- Genre: Sitcom
- Created by: Louie Anderson Matt Goldman
- Starring: Louie Anderson
- Composers: Tom Hiel Scott Pinkerton
- Country of origin: United States
- Original language: English
- No. of seasons: 1
- No. of episodes: 6 (1 unaired)

Production
- Executive producers: Matt Goldman Diane English Joel Shukovsky
- Camera setup: Multi-camera
- Running time: 30 minutes
- Production company: Shukovsky English Entertainment

Original release
- Network: CBS
- Release: January 31 – March 6, 1996

= The Louie Show =

American television sitcom

The Louie Show is an American sitcom television series that aired on CBS from January 31 until March 6, 1996, co-created by and starring comedian Louie Anderson.

==Premise==
A psychotherapist in Duluth, Minnesota deals with his friends and family.

==Cast==
- Louie Anderson as Dr. Louie Lundgren
- Bryan Cranston as Det. Curt Sincic
- Paul Feig as Dr. Jake Reinhardt
- Kate Hodge as Gretchen Lafayette
- Laura Innes as Sandy Sincic
- Nancy Becker-Kennedy as Helen
- Kimmy Robertson as Kimmy

==Episodes==

| No. | Title | Directed by | Written by | Original release date |
| 1 | "Take Two Donuts and Call Me in the Morning" | Asaad Kelada | Matt Goldman & Louie Anderson | January 31, 1996 |
Louie thinks he has to take in a roommate to defer the costs of a roof repair.
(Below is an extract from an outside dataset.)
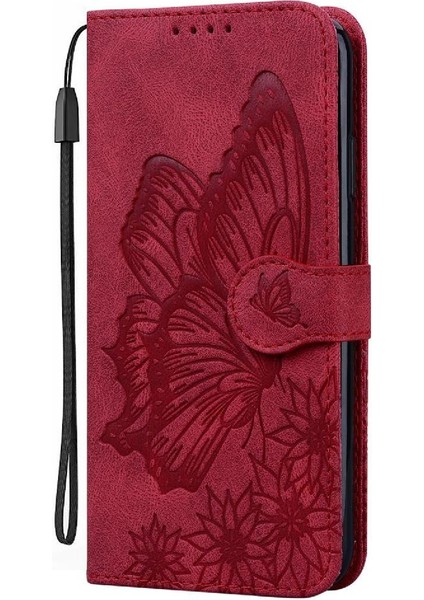 Samsung Galaxy S24 Fe Için Flip Case Büyük Kelebek Pu Deri Cüzdan Kart (Yurt Dışından) fiyatları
He also encounters a hostile patient at work.
| 2 | "Louie Gets Suspended" | Asaad Kelada | Don Foster | February 7, 1996 |
Louie is late for his first meeting with a new supervisor, and she suspends him for a week.
| 3 | "Under the Rug" | Joanna Gleason | Jhoni Marchinko | February 14, 1996 |
Louie advises Eddie to remove his toupee.
| 4 | "Scratcher" | Asaad Kelada | Matt Goldman | February 21, 1996 |
Louie finds the lotto ticket of a compulsive gambler he has been counseling.
| 5 | "Louie's Little Trip" | Joanna Gleason | Don Foster and Jhoni Marchinko | March 6, 1996 |
Louie searches for Curt and Gretchen while he's high on morphine.
| 6 | "A Brush with Bob" | Joanna Gleason | Don Foster and Jhoni Marchinko | UNAIRED |
One of Louie's patients, an embezzler, asks Gretchen out on a date.